ABU DHABI// Airport passengers have complained that they are being pressurised by ushers at the taxi stand into taking private-hire cars over silver cabs.
Clint Moore, who returned from Egypt to Abu Dhabi wanting nothing more than a safe and comfortable ride home from the airport.
He said: "At the front of the line of cars waiting to take passengers to their hotels or homes, were approximately eight to nine private cars without any distinguishing marks on them. There was no indication that they were taxis. At the end of the line were the silver cabs."
Silver cabs run by the meter, while private cars, or limousines, run at a flat rate of Dh70 to take passengers from the airport into the city. Passengers said an average commute from the airport to the city in a silver cab came to about Dh50, depending on the location.
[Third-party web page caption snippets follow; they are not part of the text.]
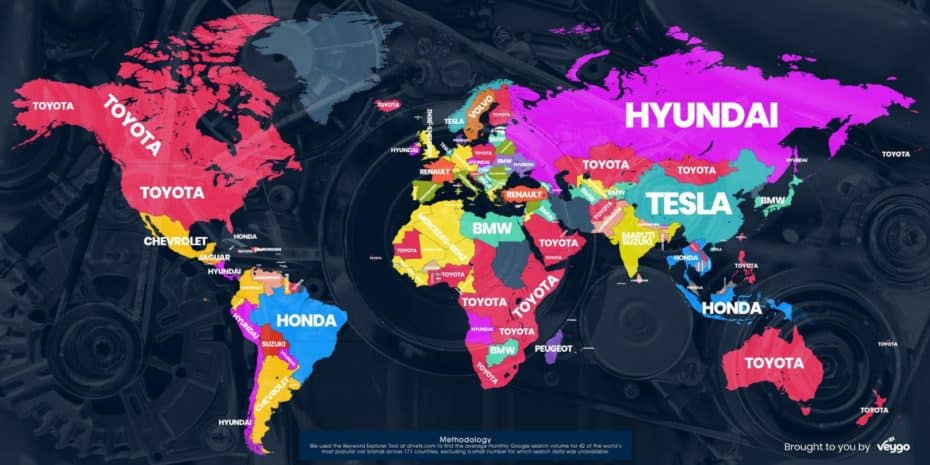 Aquí tienes las marcas de coches más buscadas en Google este año: Toyota lidera…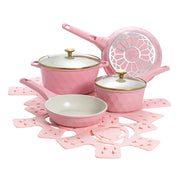 Paris Hilton PH13277-AR 10-Piece Ceramic Nonstick Cast Aluminum Cookware Set, Pink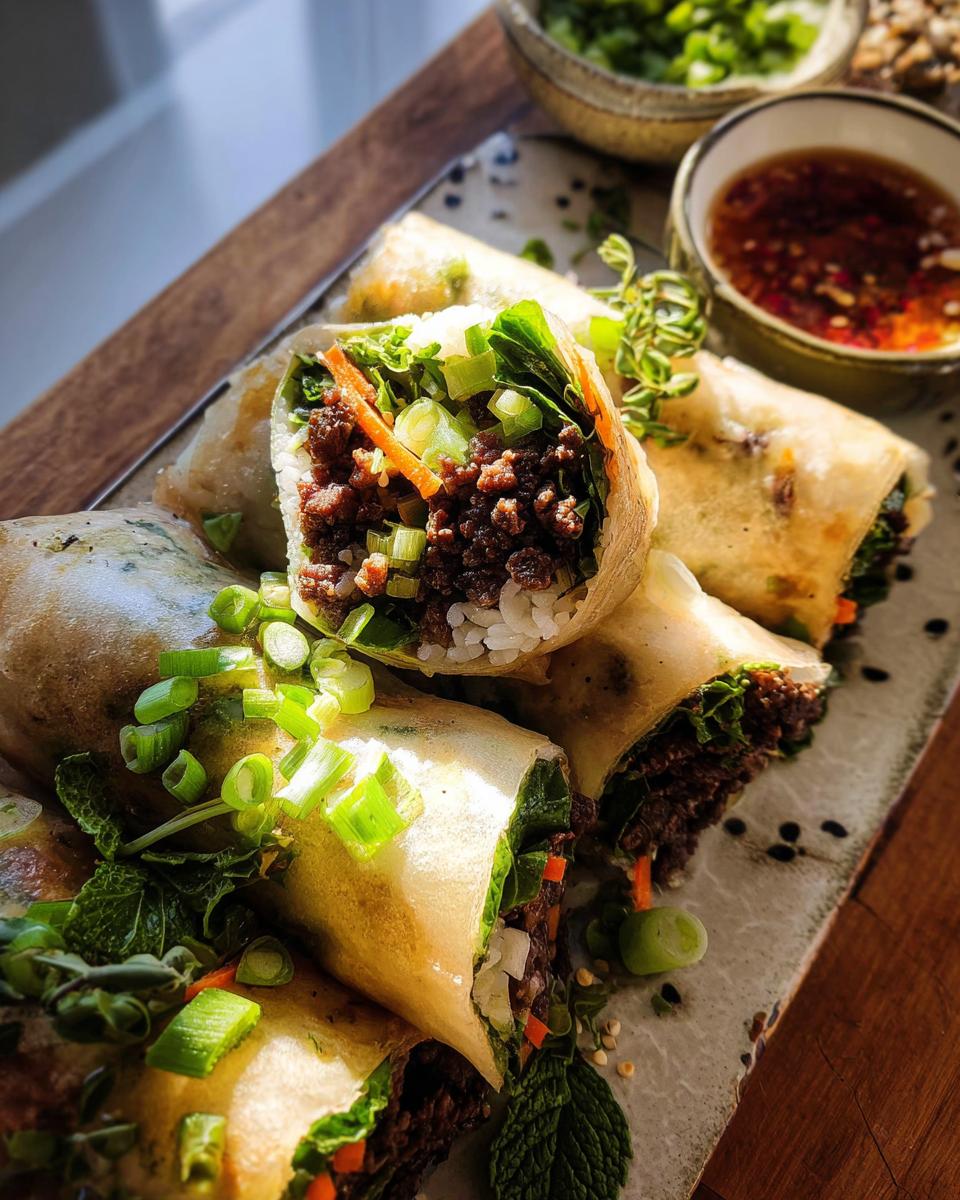 Close-up of delicious Thai Basil Beef Rolls filled with seasoned ground beef, rice, carrots, and greens, garnished with scallions and mint.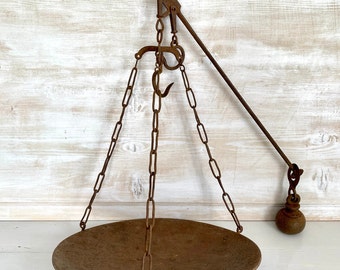Antieke Romeinse weegschaal gesmeed metalen hangende weegschaal vintage boerderijdecor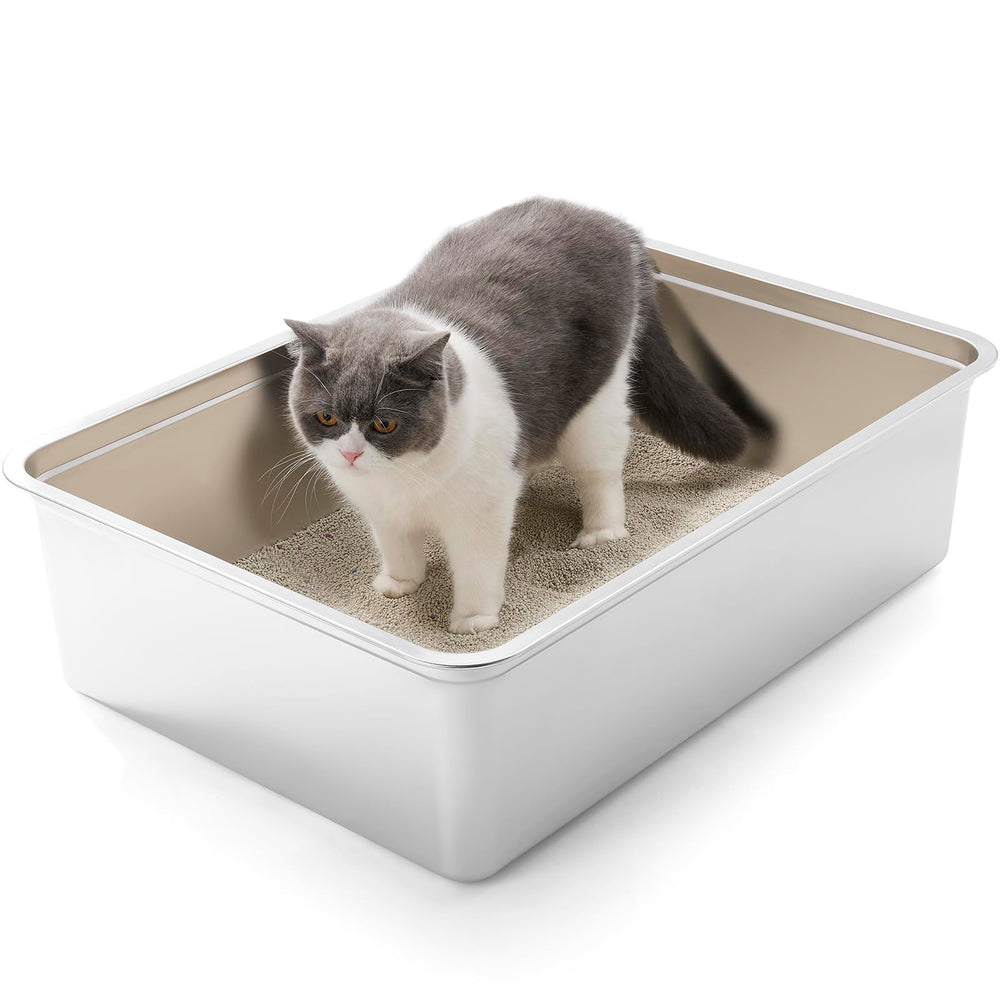 Yangbaga caja de arena acero inoxidable grande, espacio extra para gatos grandes.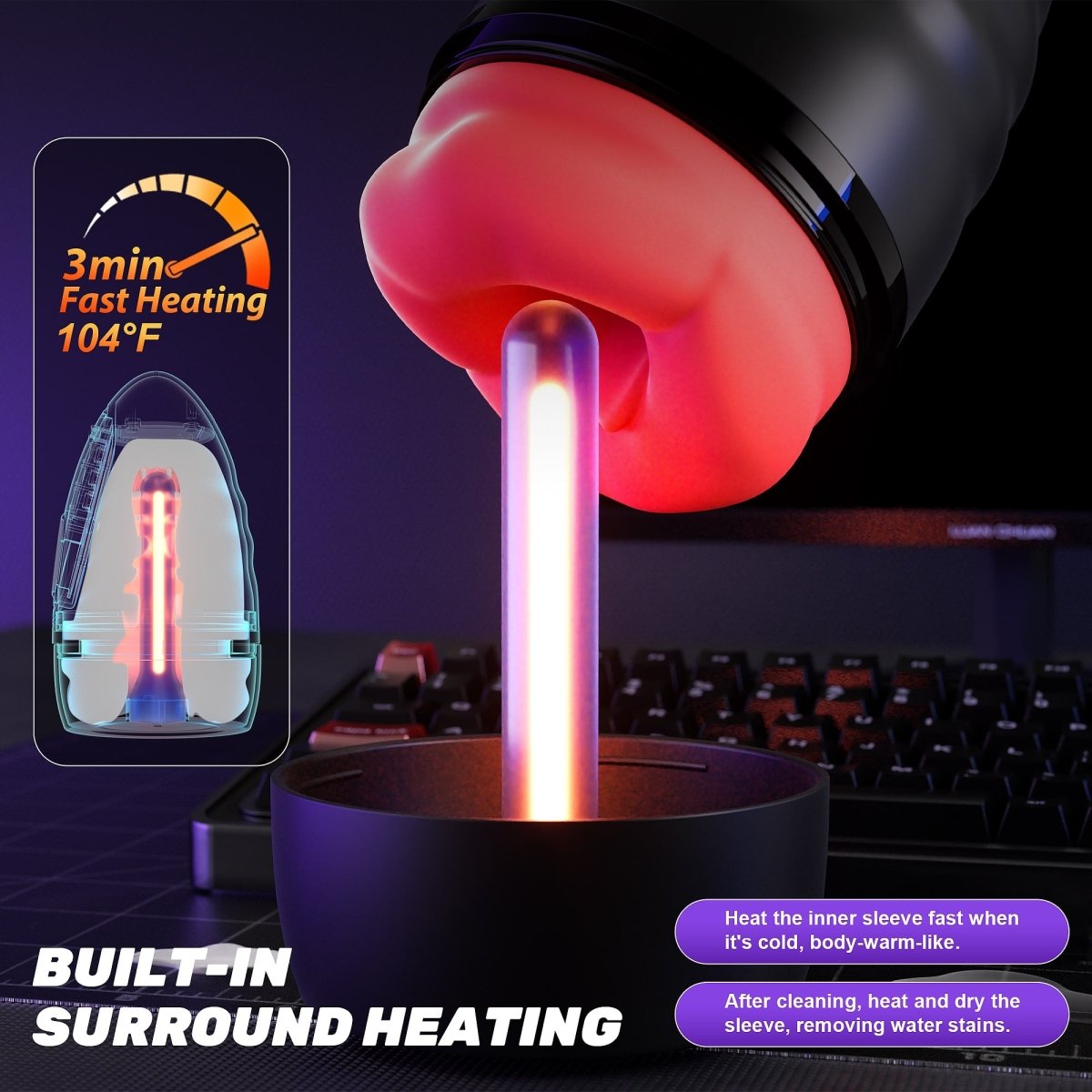 2 in 1 Mouth Vibrator and Men Penis Trainer with App Control - Sohimi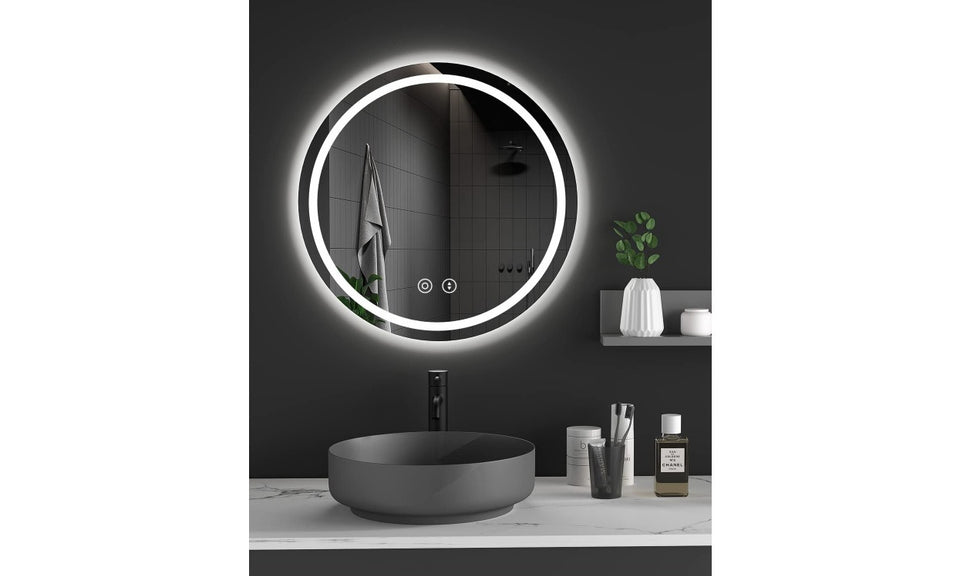 Dripex Round LED Bathroom Mirror, Illuminated Circle Makeup Vanity Mirror with Demister Pad, Anti-fog, 3 Lighting Modes, Dimmable, Wall Mounted, Front+Backlit, IP44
Mr Moore, a teacher, said that when he arrived at the taxi queue, the usher was trying to convince him to take the private-hire cars.
"I told him that I wanted a silver cab but he insisted by saying, 'this is the same'," Mr Moore said. "At this point I became very upset because I realised that the two cars were not the same and I was obviously being pressured into doing something that I was not comfortable doing."
After demanding a silver cab, Mr Moore, said the usher "reluctantly" directed him to a silver taxi.
Mr Moore was not alone. Many travellers complained that extra effort was needed to try to "make their way" to a silver cab at the airport.
Feras Yashou said that he was directed to a black limousine as though it was "a natural thing".
"Had I not known the difference, I could have easily taken that car instead," he said.
That was the case for Wafa Mohammad, who said she was unaware that she even had the option and paid the Dh70 to return to the city.
"I didn't know there was a difference between the two," she said. "That was the first one in the line, so I just got in,"
After demanding a silver cab from the usher, Mr Yashou's request was met. Mr Yashou said he paid around Dh170 going to Dubai with the silver meter taxi, whereas the same trip with a private-hire car was a flat rate of Dh275.
Alawi Dares, the communication officer for TransAd, the regulation centre for all the silver taxis, said that investigators were always on the scene to make sure that everything was in order and that passengers were given the right to choose.
"We have not received any such complaints from our investigators or through our customer service centre," he said.
Mr Dares added that TransAd was not responsible for the private cars, and that they were hired through private companies by the Abu Dhabi Airports Company (Adac).
Syed Abdul Hakeem, the general manager of Emirates Taxi and Fast Limo, one of the private car providers to Adac, confirmed that no such prioritisation existed.
"Ever since TransAd came into play, taxis are always available to passengers."
He said that private cars were sometimes parked in the queue waiting for passengers who had already pre-booked their trip.
Nouh al Kharousi, a curb-side supervisor at Abu Dhabi airport, also insisted that passengers were given the option of choosing between the limos and the silver cabs.
"There is no opportunity for this behaviour," he said. "The passenger has the right to choose which taxi they prefer. There are two separate lines, one for the private-hire cars and one for the silver taxis."
A signboard that listed all the rates for the private cars in Arabic and English was also available at the taxi stand, Mr al Kharousi added.
However, even drivers of the silver taxis complained of ushers prioritising the limousines over their services.
"All the silver taxis are parked in the back while the private cars are at the front," a Filipino taxi driver from Tawasul said. "Sometimes I have to wait a good three hours before I get a passenger."
The driver added that sometimes passengers were sent to the silver cabs for shorter trips that barely amount to Dh25.
"If it is a longer trip they are sent to the limos. This also makes it very difficult for us to reach our target and earn our basic salary," he said.